WASHINGTON, April 9 (UPI) -- The CIA said Thursday it will close secret overseas centers where suspected al-Qaida operatives were interrogated, The New York Times reported.
Citing a statement delivered to intelligence employees Thursday by CIA Director Leon Panetta, the newspaper said the agency will stop using contractors to carry out interrogations. Panetta said the sites were already out of use and will be decommissioned.
Panetta said U.S. taxpayers will have to keep paying for security and maintenance, but decommissioning of the sites will save some money.
"It is estimated that our taking over site security will result in savings of up to $4 million," Panetta said in the message to CIA employees.
U.S. officials have not disclosed the locations of the interrogation sites but news reports -- along with aviation records and statements by intelligence officials -- have said such operations were conducted in a number of countries including Afghanistan, Thailand, Poland, Romania and Jordan, the Times said.
President Barack Obama said in January his administration would stop using coercive interrogation methods and he ordered the CIA detention program shut down -- although he said the agency could hold prisoners for short periods, the newspaper said.

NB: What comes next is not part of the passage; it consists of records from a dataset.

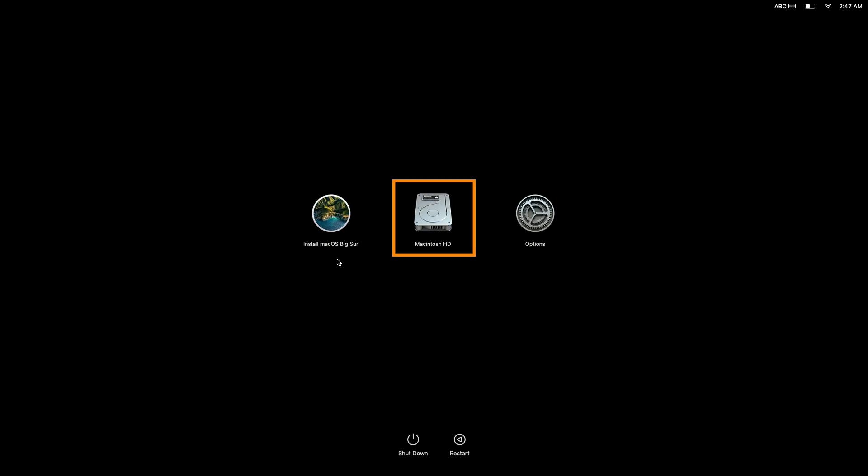The Macintosh HD icon represents the internal storage of our computer. So if we were to select this icon, our computer would simply reboot and then run the version of macOS that is currently installed on our internal storage.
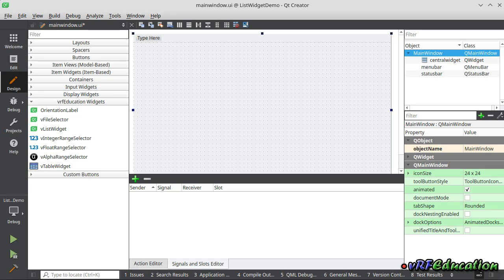Hi, this is Vahid from VRF Education channel, welcome to another session on Qt Framework. One of the most important features of Qt Framework is Qt Creator, an IDE that lets you design your application GUI at design time. Without using Qt Creator, it's somewhat hard to create everything you need for large applications. Qt Creator also lets developers add their custom widgets to the toolbox.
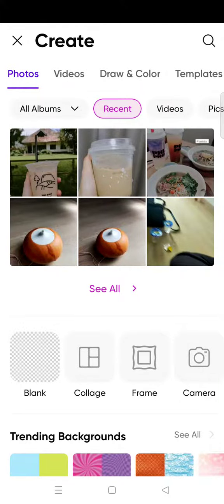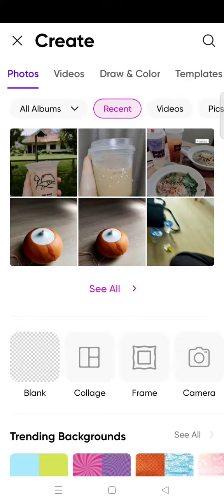Hi everyone, welcome back to this channel. In this video I'm going to show you how you can make photo diaries in Pixart. So here what you need to do is open the Pixart app and then just go to class.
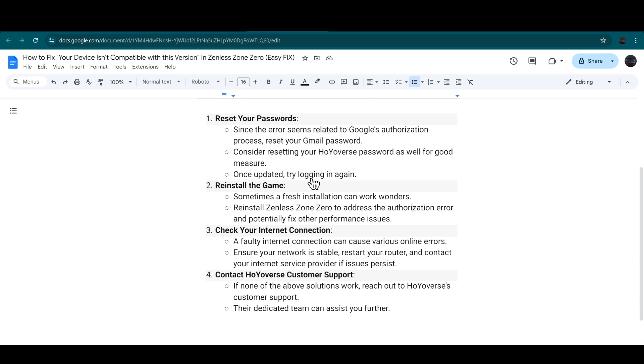Once updated, try logging in again. Next step is restart the game. Sometimes a fresh installation can work wonders and oftentimes resolve some kind of glitches.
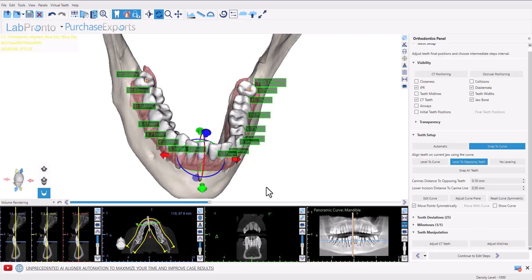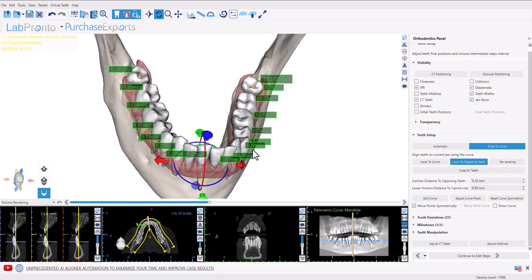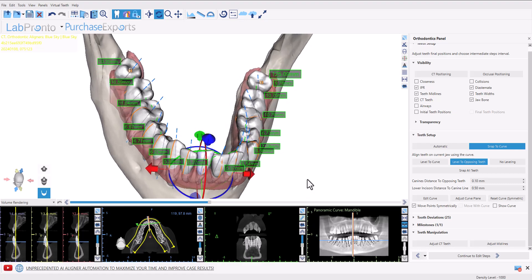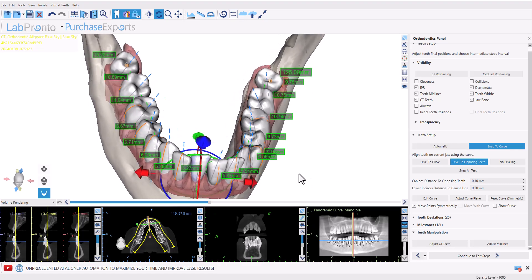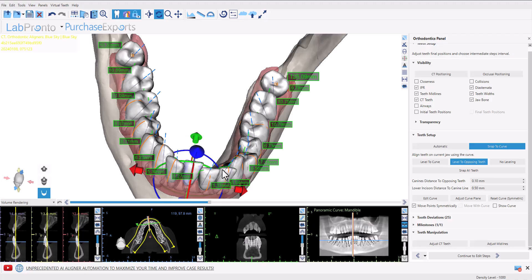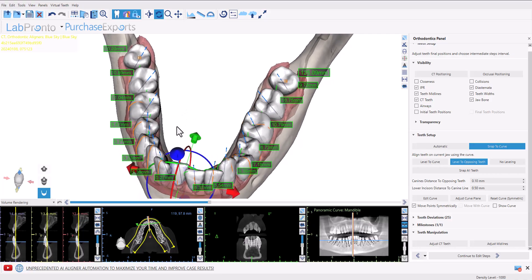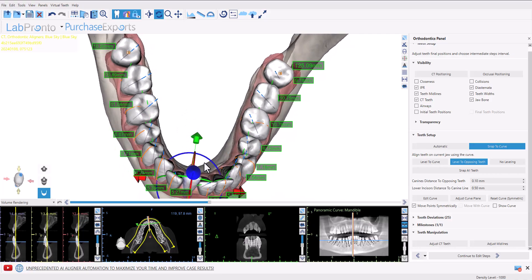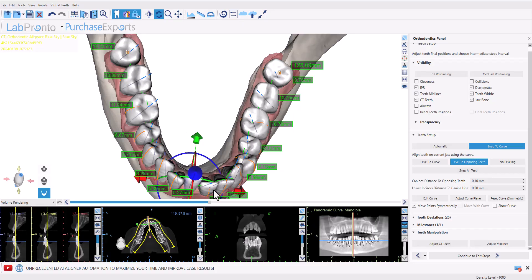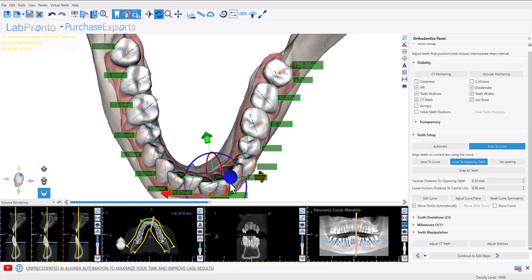The midline positioning of individual teeth can be viewed by clicking the checkbox for teeth midlines. We can now see the green indicator line on each tooth, indicating the width of the tooth and where that measurement is taking place.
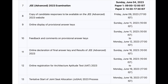The JEE Advanced exam is on June 4th — Paper 1, and Paper 2 is at 5:30 p.m. The copy of candidate responses will be available on the JEE Advanced website on June 9th. The online display of the provisional answer key is on June 11th, and the results will be declared on June 18th.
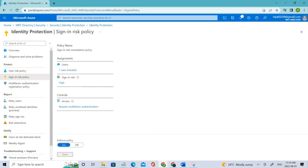We are completed with Lab 14 where we talked about enabling sign-in and user risk policy. I'll be keeping the relevant videos in the description for you to watch. If you liked the video please click the like button below, and if you've not subscribed to my channel please do subscribe and please share the video. Thanks everyone.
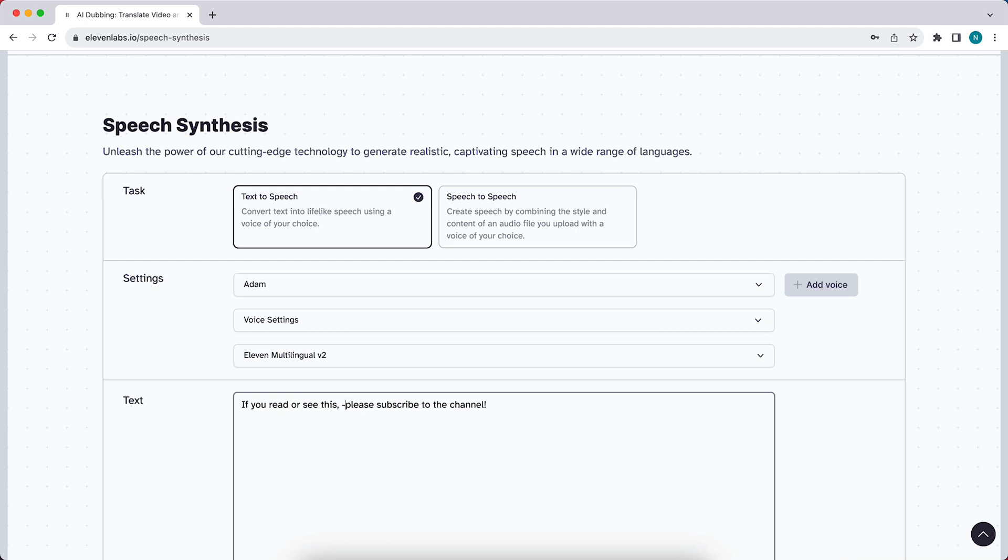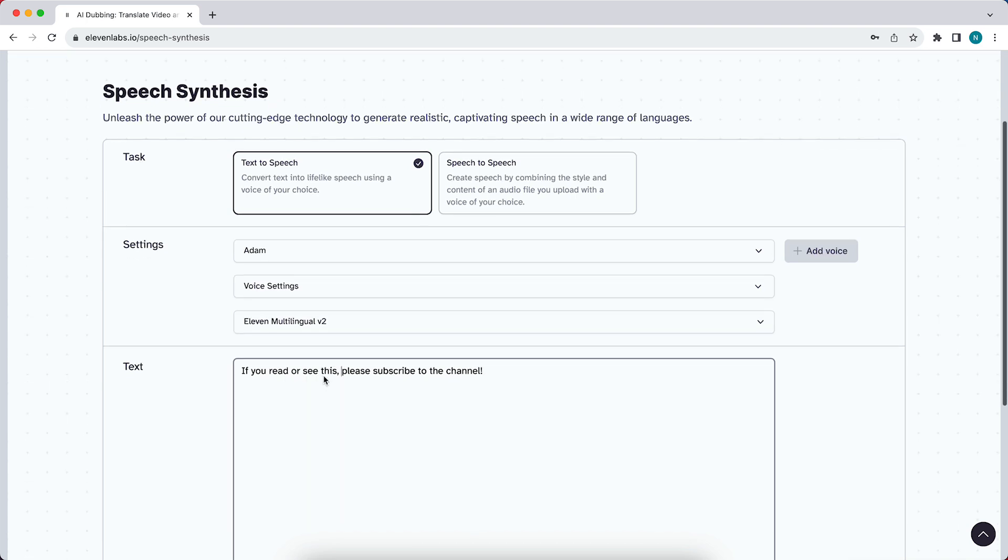But when you're doing that, you're not really making the sentence or the generated voice talk slower in general.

The U.S. Senate Intelligence Committee said last month it would examine the CIA detention and interrogation program.
Committee Chairman Dianne Feinstein, D-Calif., and Vice Chairman Kit Bond, R-Mo., said the review was intended "to review the program and to shape detention and interrogation policies in the future."
U.S. prosecutors have been conducting a criminal investigation since January 2008 into the destruction by CIA officers of videotape records of some detainee interrogations.